PENDUDUK Desa Muara gelisah. Mereka khawatir dilarang menggarap
sawah yang selama ini menjadi sumber hidup. Muara terletak di
Kecamatan Cilamaya, perbatasan Kabupaten Karawang dan Subang.
Akhir Agustus lalu, sejumlah penduduk Desa Sedari yang
bertetangga dengan Muara, diusir oleh petugas Kehutanan dengan
alasan tanah garapan merka akan dihutankan kembali. Padahal
sudah puluhan tahun mereka menggarapnya.
Hampir semua petani Muara memang tak punya tanah. Tapi sejak 8
tahun lalu mereka berhasil memanfaatkan daratan yang nganggur
menjadi sawah. Kisah "pendudukan" ini dimulai ketika beberapa
tahun lalu Ponimim pulang kampung. Ia adalah pensiunan bintara
TNI-AD. Ia kembali ke "induk pasukan "nya semula di Muara, yaitu
sebagai petani. Seperti orang-orang di desanya, Ponimin juga tak
punya tanah.
Selama puluhan tahun, endapan lumpur dari Gunung Tangkuban
Perahu telah mencetak daratan baru di muara Kali Cilamaya.

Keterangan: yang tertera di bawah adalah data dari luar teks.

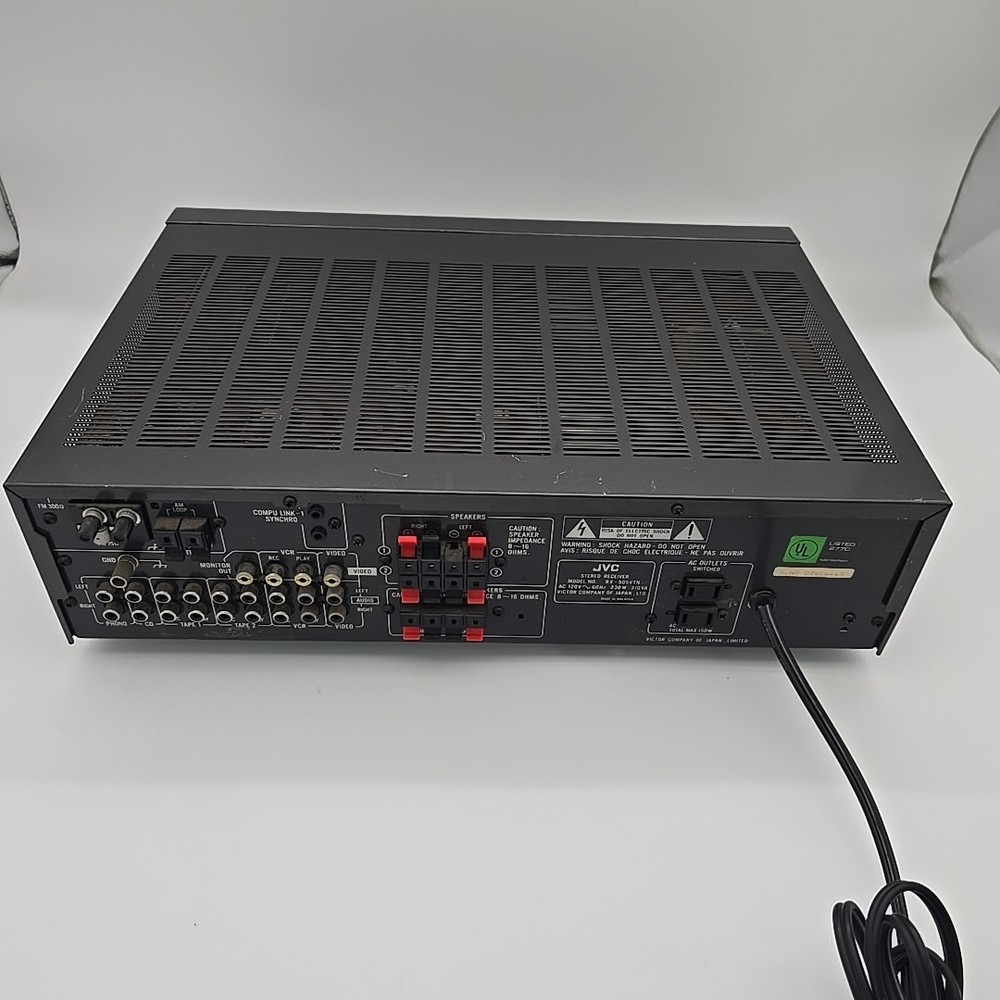 JVC RX-505V Digital Surround System Receiver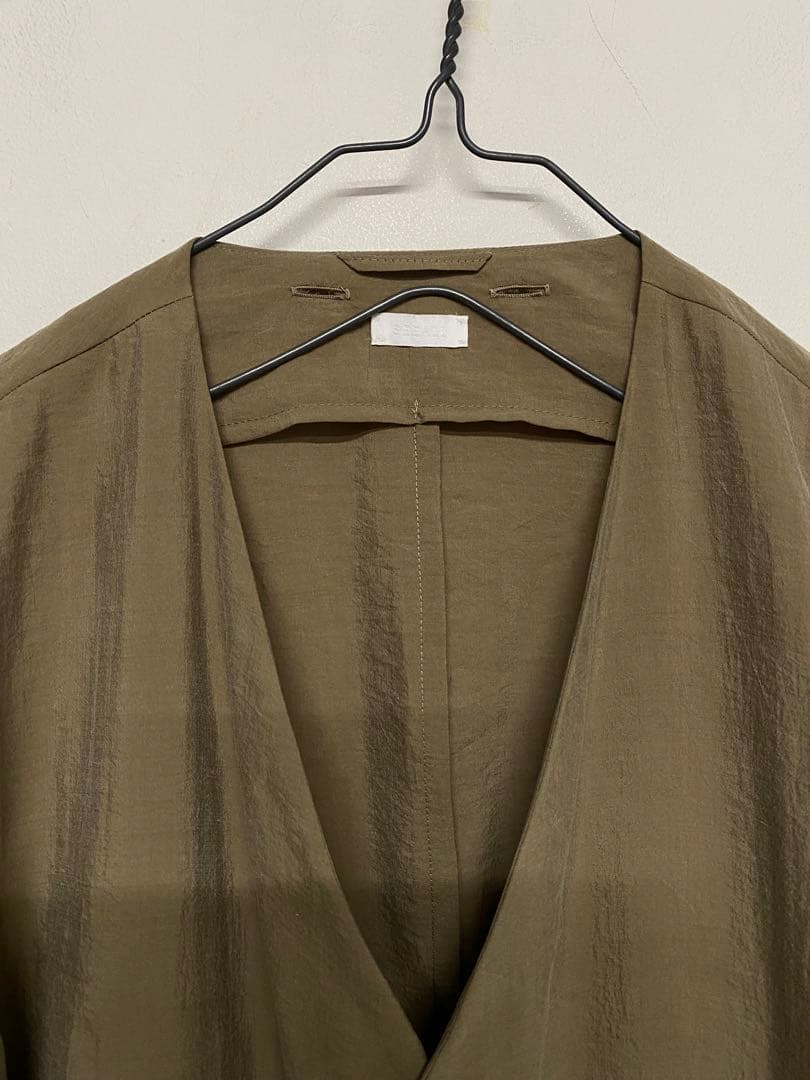 新品。 SEEALL 限定シルクジャケット　1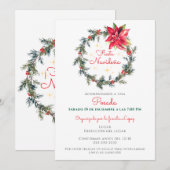 Fiesta Navideña Navidad Spanish Christmas Posada Kaart (Voorkant / Achterkant)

Persis di utara Desa Muara. Penduduk lalu menyebutnya sebagai
tanah timbul.
Luas tanah timbul yang 100 ha itu, 1966 lalu dikonsesikan KKPH
(Kepala Kesatuan Pemangkuan Hutan) Purwakarta kepada sebuah
perusahaan swasta. Maka dibentuklah usaha-bersama antara
perusahaan itu dengan Yakehutanan (Yayasan Kesejahteraan
Karyawan Kehutanan), untuk membuat empang ikan. peternakan
unggas dan penyulingan alkohol dari padi ketan yang akan ditanam
di sana.
Tak Pernah Dengar
Setelah kerjasama berjalan sekitar dua tahun, entah kenapa
macet. Kerjajama bubar. Karena itu, akhir 1971 KKPH Purwakarta
pun mencabut hak pakai tanah hutan 100 ha tersebut. Sejak itulah
Ponimin dan orang-orang Muara memanfaatkan tanah timbul yang
nganggur itu.
Sekitar 1971 mereka menggarap tanah timbul itu menjadi sawah
baru. Dan berhasil. Tak kurang 176 kk lain di desanya mengikuti
jejak sang bekas bintara Sampai kini mereka menggarap sawah 60
ha dengan penghasilan 2-5 ton gabah/ha semusim.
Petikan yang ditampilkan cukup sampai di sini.